* DATASET RECORDS
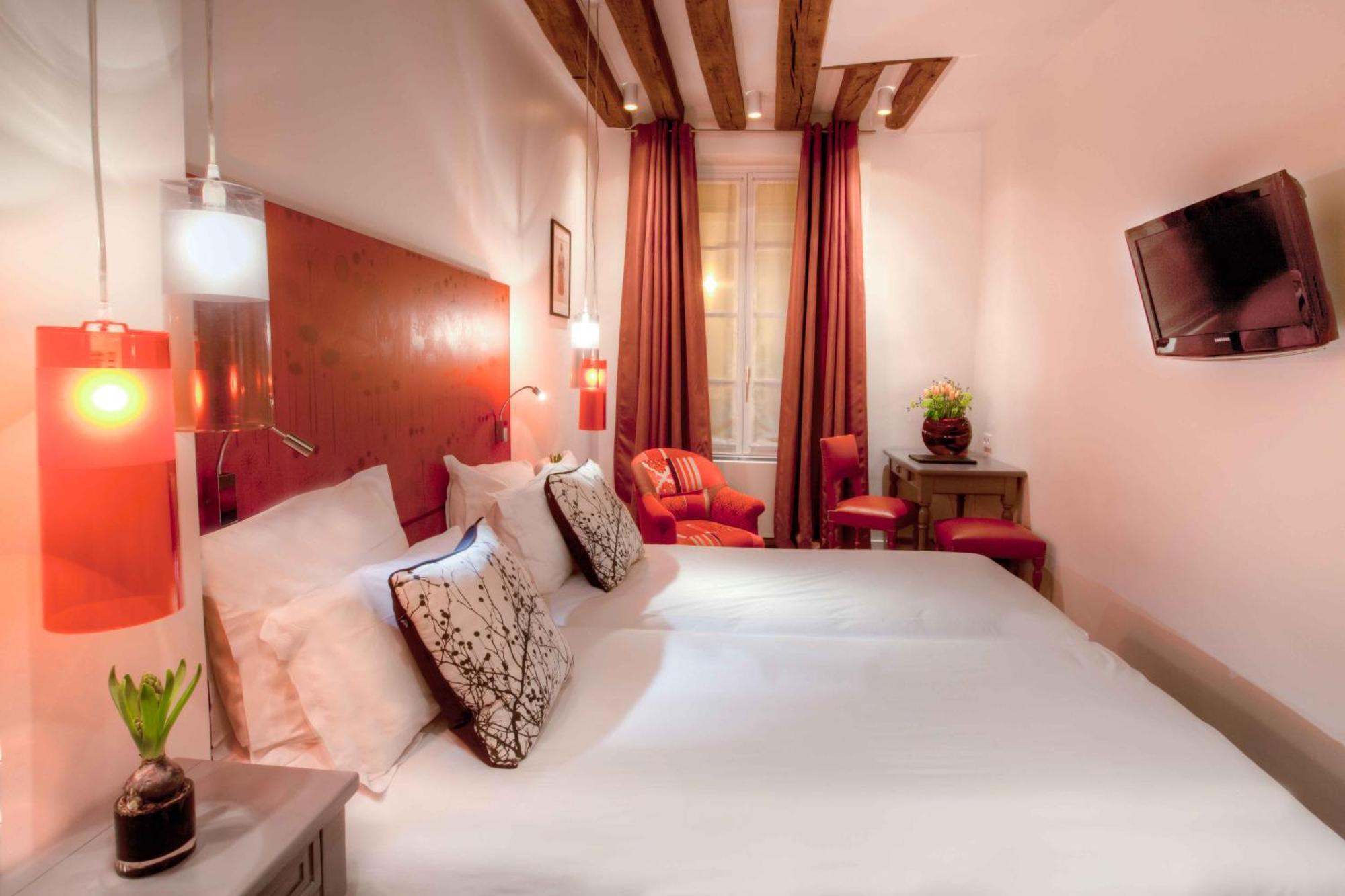 Deluxe Tweepersoonskamer met 2 Aparte Bedden
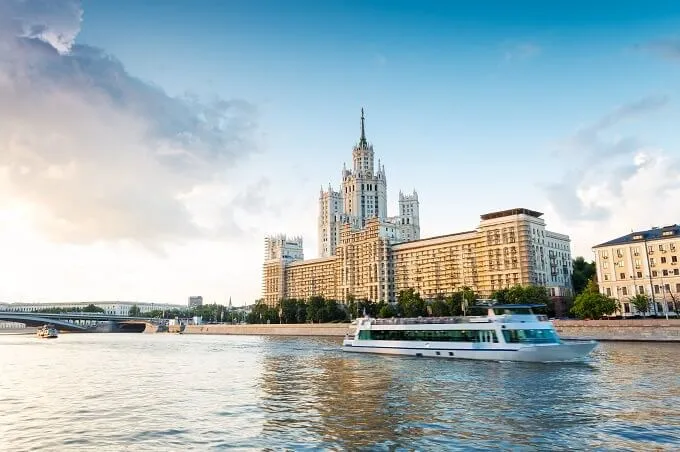Технические коллекции в шаговой доступности на авто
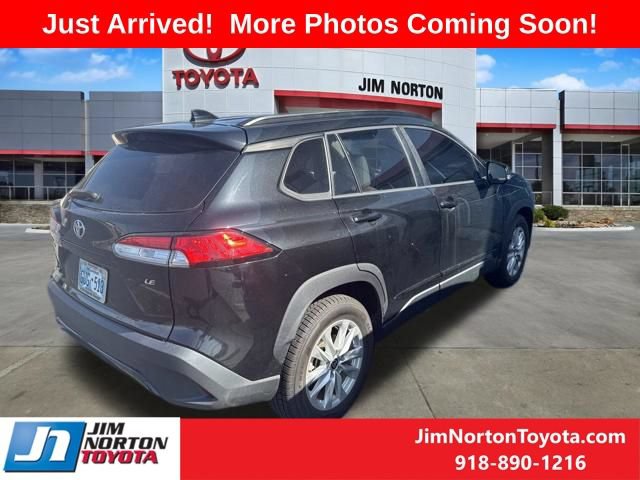 Used 2022 Toyota Corolla Cross LE FWD image 4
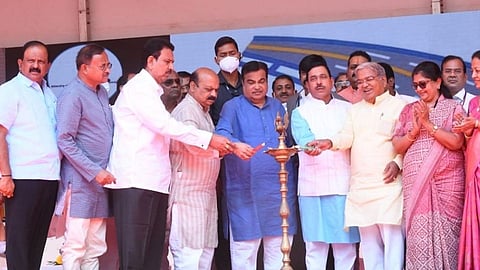  Nitin Gadkari
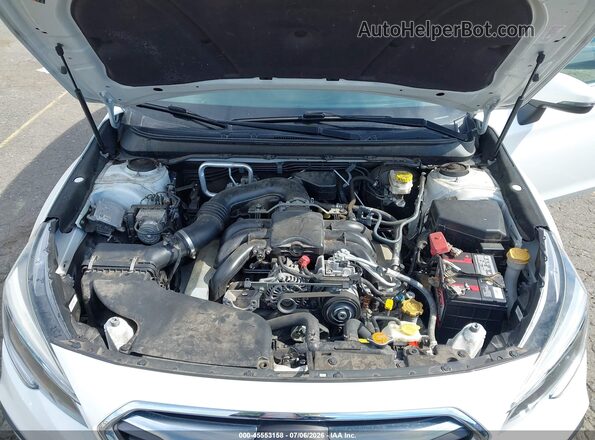 4S3BNEN61J3030046 2018 SUBARU LEGACY White Widok z tyłu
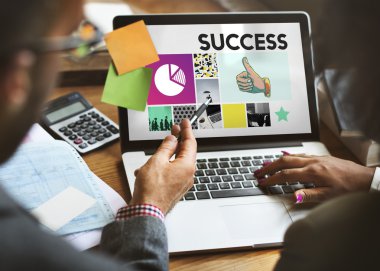 çalışma ve fikirleri tartışmak iş adamları 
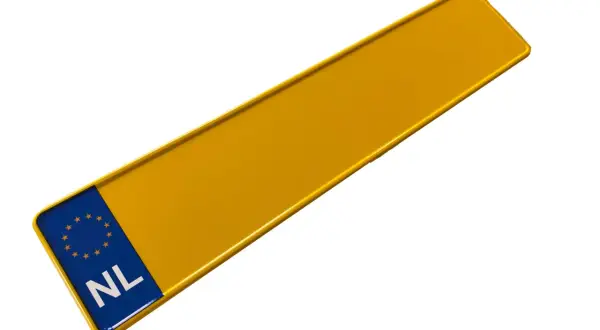Żółta tablica rejestracyjna z niebieskim paskiem i literami "NL" oraz gwiazdkami Unii Europejskiej.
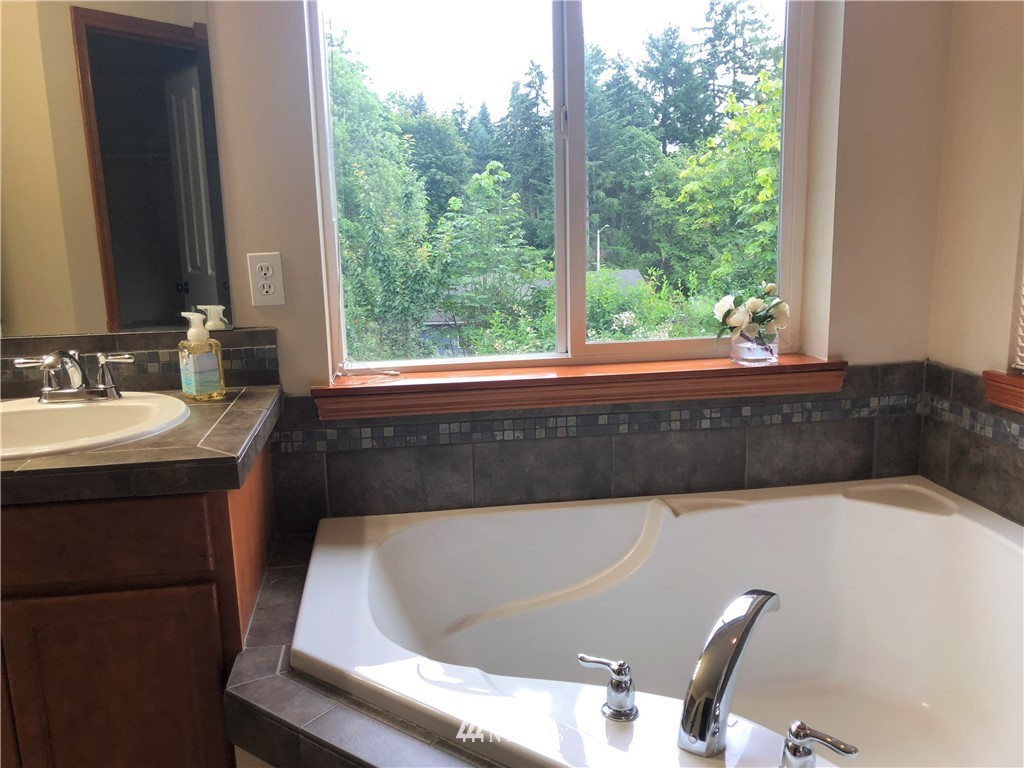 17825 20th Avenue Southeast, Unit 54 Bothell, WA 98012 - Photo 14 of 23 Gallery Image 14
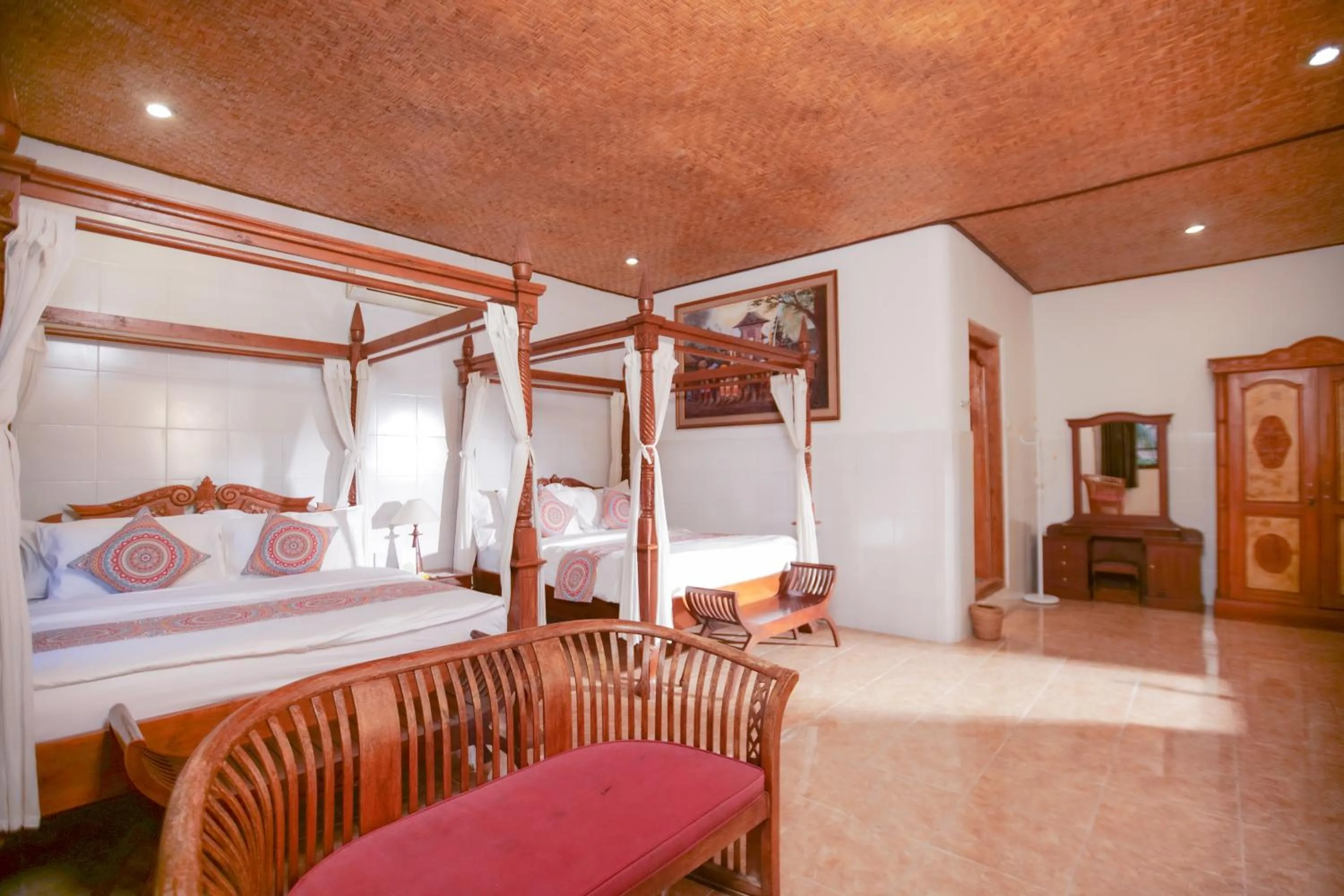 Bed in Gayatri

* TASK OBJECTIVE
The expected result is the complete listing above, printed exactly, with no pictures.

* RESPONSE BOX
 Deluxe Tweepersoonskamer met 2 Aparte Bedden
Технические коллекции в шаговой доступности на авто
 Used 2022 Toyota Corolla Cross LE FWD image 4
  Nitin Gadkari
 4S3BNEN61J3030046 2018 SUBARU LEGACY White Widok z tyłu
 çalışma ve fikirleri tartışmak iş adamları 
Żółta tablica rejestracyjna z niebieskim paskiem i literami "NL" oraz gwiazdkami Unii Europejskiej.
 17825 20th Avenue Southeast, Unit 54 Bothell, WA 98012 - Photo 14 of 23 Gallery Image 14
 Bed in Gayatri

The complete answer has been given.